A common law action now exists under the general maritime law for wrongful death. In 1886, in The Harrisburg, 119 U.S. 199, 7 S. Ct. 140, 30 L. Ed. 358, the United States Supreme Court had held that in the absence of statute, no common law action would lie for recovery for wrongful death. In a landmark decision in 1970, the Supreme Court explicitly overruled The Harrisburg in Moragne v. States Marine *807 Lines, Inc., 398 U.S. 375, 90 S. Ct. 1772, 26 L. Ed. 2d 339 (1970):
"... (we) overrule The Harrisburg and hold that an action does lie under general maritime law for death caused by violation of maritime duties."
The defendant advances three contentions to support his proposition that there is no right of action under Moragne which may be enforced by this Court: (1) that a federal common law right was announced in Moragne that is enforceable exclusively in federal court; (2) that the Moragne decision does not reach the actions of seamen against their employers; and (3) that Section 33 of the Merchant Marine (Jones) Act (46 U.S.C.A. § 688) provides the exclusive right of action for the death of a seaman. In addition, the defendant contends that "the overriding principle that uniformity is essential in application and exercise of federal rights" indicates that this Court should not accept jurisdiction.
General maritime rights may be enforced in state courts. Article 3, Section 2, Clause 1, of the United States Constitution extends federal judicial powers to cases of admiralty and maritime jurisdiction.[1]

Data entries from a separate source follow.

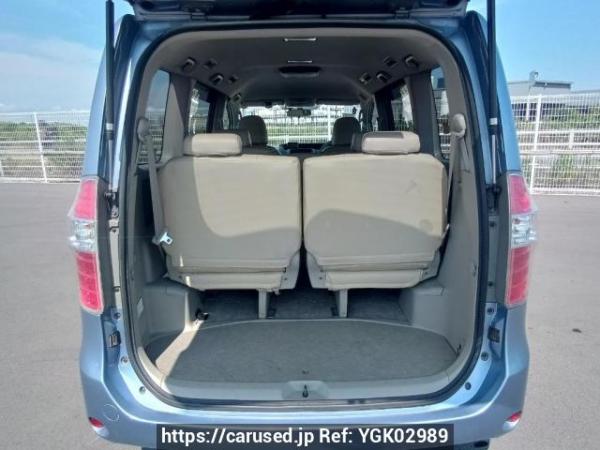 Used 2007 AT toyota noah ZRR70G Image[8]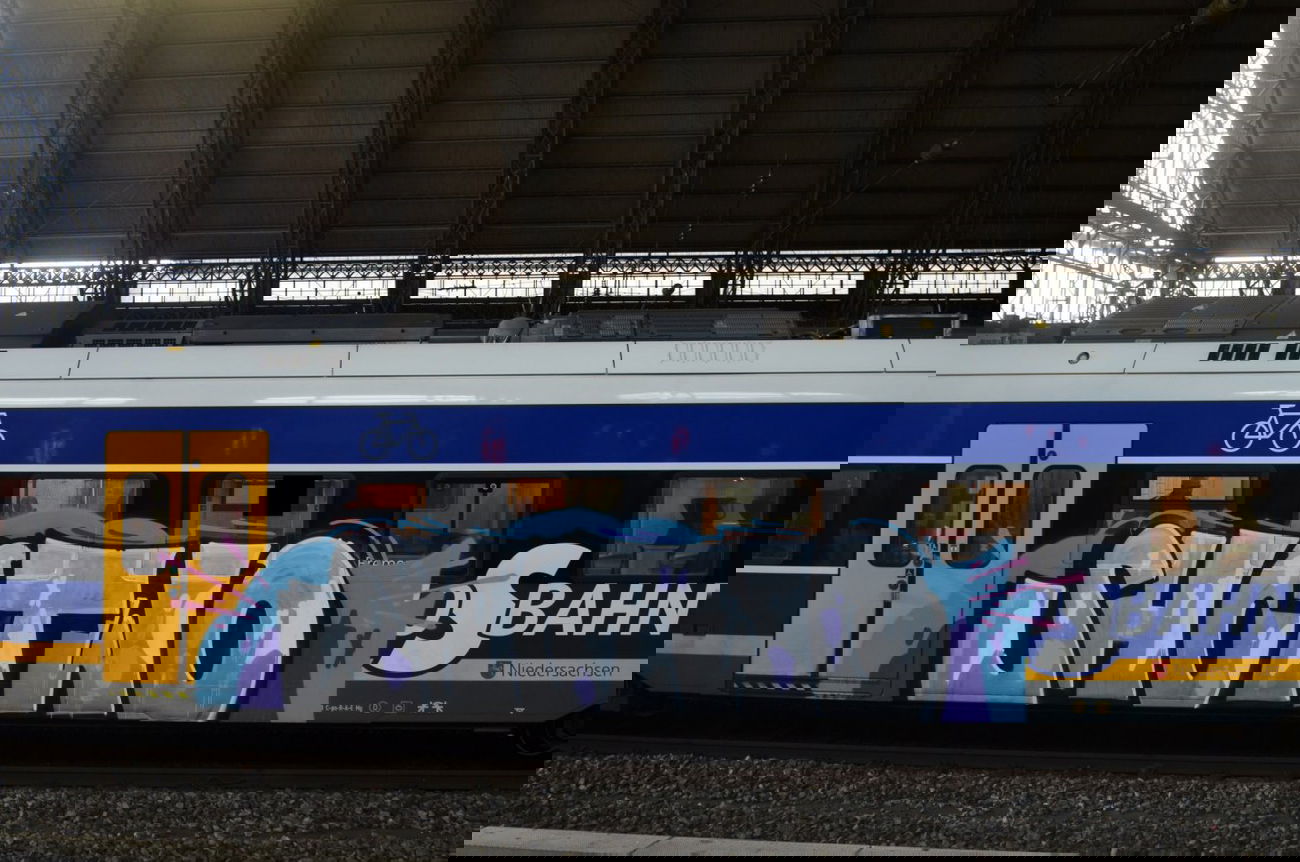 Graffiti Train in Bremen - Photo by GraffitiBremen - shotwo (2014)
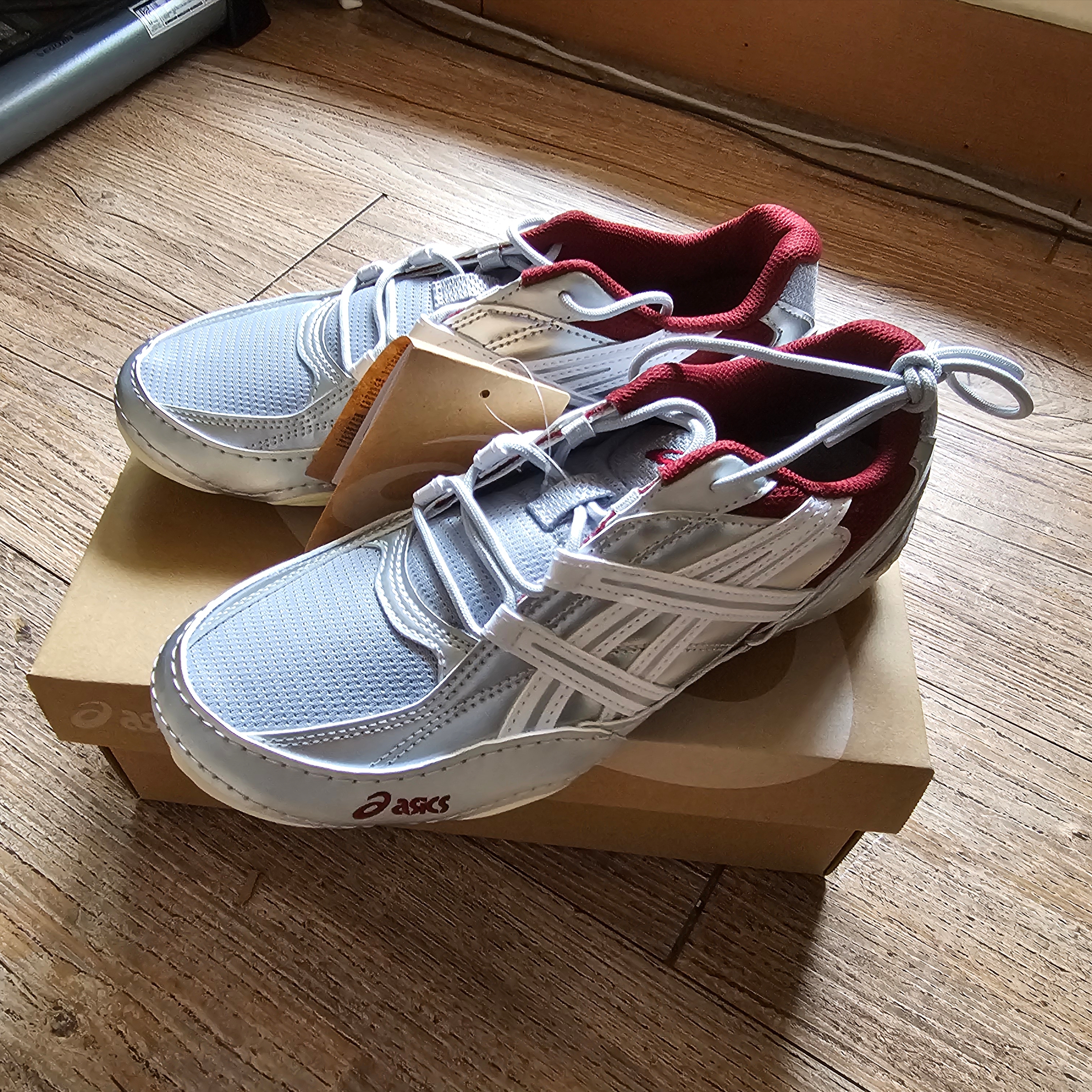 Asics Hypersync Piedmont Grey Pure Silver 착용 스타일 - 1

By enacting the Judiciary Act of 1789 Congress implemented this grant of federal judicial power. The relevant portion of the act, in terms of this case, appears in its present form at 28 U.S.C.A. § 1333:
§ 1333. Admiralty, maritime and prize cases
The district courts shall have original jurisdiction, exclusive of the courts of the States, of:
(1) Any civil case of admiralty or maritime jurisdiction, saving to suitors in all cases all other remedies to which they are otherwise entitled ...
The "saving of suitors" clause of this section has been construed to mean that federal and state courts enjoy concurrent jurisdiction over maritime causes of action where a suit is brought to obtain a judgment in personam against the party liable. See Taylor v. Carryl, 20 How. 583, 61 U.S. 583, 15 L. Ed. 1028 (1858); and Leon v. Galceran, 11 Wall. 185, 78 U.S. 185, 20 L. Ed. 74 (1871). The defendant's contention that there are federal common law rights in admiralty that may be enforced only in federal courts is without foundation. In Carlisle Packing Co. v. Sandanger, 259 U.S. 255, 42 S. Ct. 475, 66 L. Ed. 927 (1922), where the defendant appealed a verdict for the plaintiff in the courts of the State of Washington for damages on account of injuries suffered while employed on the defendant's motorboat in the navigable waters of Alaska, the United States Supreme Court specifically noted that "The general rules of the maritime law apply whether the proceeding be instituted in admiralty or common-law court. Chelentis v. Luckenbach Steamship Co. ... [247 U.S. 372, 38 S. Ct. 501, 62 L. Ed. 1171]; Knickerbocker Ice Co. v. Stewart, 253 U.S. 149, 159, 40 S. Ct. 438, 64 L. Ed. 834, 11 A.L.R. 1145." In Sandanger, the Court determined that the State courts had erred in not giving jury instructions consonant with maritime law. (The State court was affirmed on other grounds). A suitor who holds an in personam claim which may be enforced by libel (complaint) in personam in admiralty has the option of seeking his common law remedies in state court or remedies at law (given diversity of citizenship and the requisite jurisdictional amount) or in admiralty in federal court. See Garrett v. Moore-McCormack Co., 317 U.S. 239, 63 S. Ct. 246, 87 L. Ed. 239 (1942); and G. Gilmore and C. Black, The Law of Admiralty, § 1-13 (1957). If a state court is selected as the forum, the court is bound to apply federal maritime law. See Moragne v. States Marine Lines, Inc., supra.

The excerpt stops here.